The XSS vulnerability could be used to create comment author urls that would redirect the system administrator away from the blog’s website to another site to exploit the situation. Wordpress webmasters are encouraged to update their blogs as soon as possible to patch the security vulnerability.

Updates are available directly from within the Wordpress interface if the correct server login information are supplied or by updating the traditional way which would mean to download the Wordpress release from the Wordpress website, upload it to the web server and run the upgrade command manually. The release information should also be displayed prominently in the Wordpress admin interface with a link to the automatic update script of Wordpress.

Some changes that Wordpress admins will notice right away are speed improvements in the admin interface and the ability to change more aspects of the layout than before. Wordpress will for instance automatically adjust the layout according to the screen size of the web browser window with options to change the amount of columns and what is being displayed on the screen.
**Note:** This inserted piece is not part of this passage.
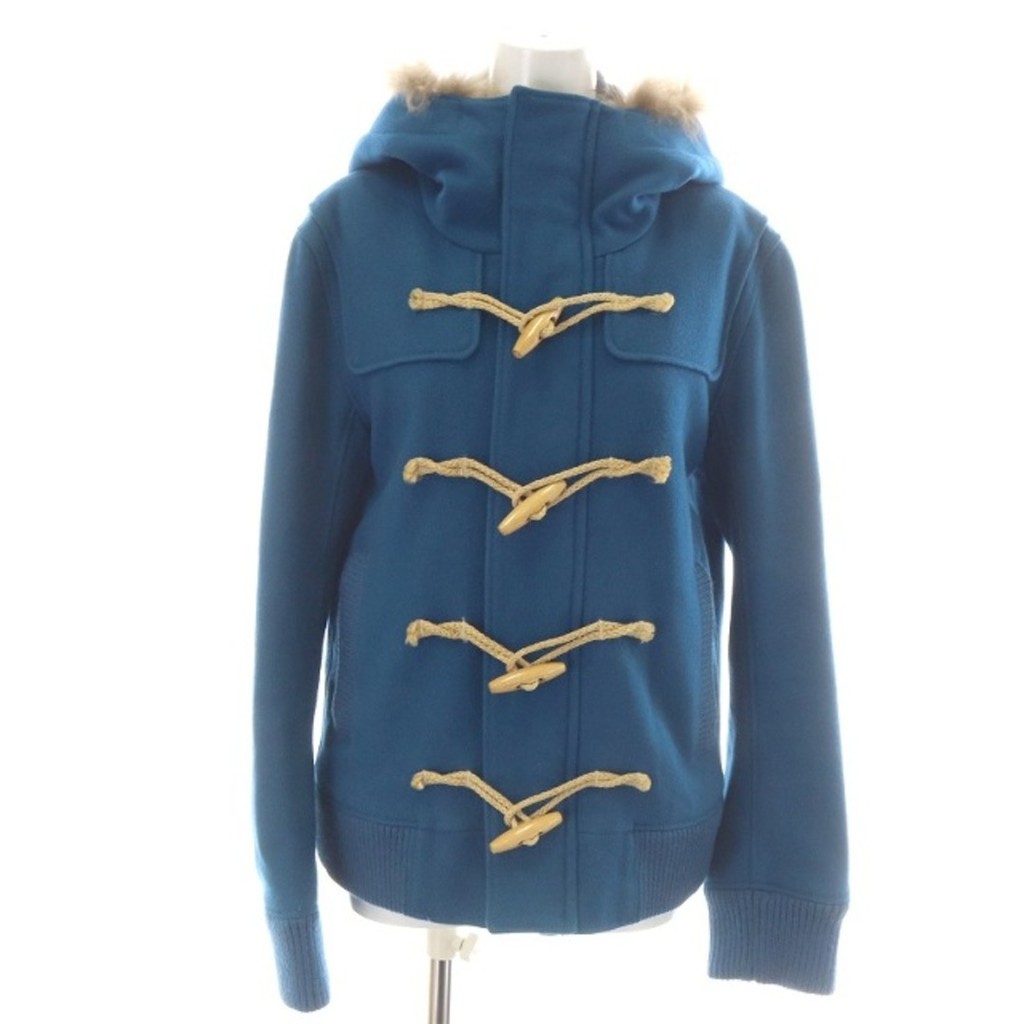 Duffle Coat wool blue Direct from Japan Secondhand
It is now possible to remove or add information when viewing posts, pages or comments in the admin interface with the additional option to change the number of items that are displayed on the screen. It is now therefor possible to change the default number of comments that are displayed on screen which could have been achieved before only by hacking system files.

Other improvements include a new theme installer which allows the webmaster to search for and install themes right from the Wordpress admin interface without leaving the website. This is a similar feature to the automatic plugin installation that was added in earlier versions.

The Wordpress Codex contains a list of all changes and additions that have been added to Wordpress 2.8. The new version can be downloaded from the main Wordpress site.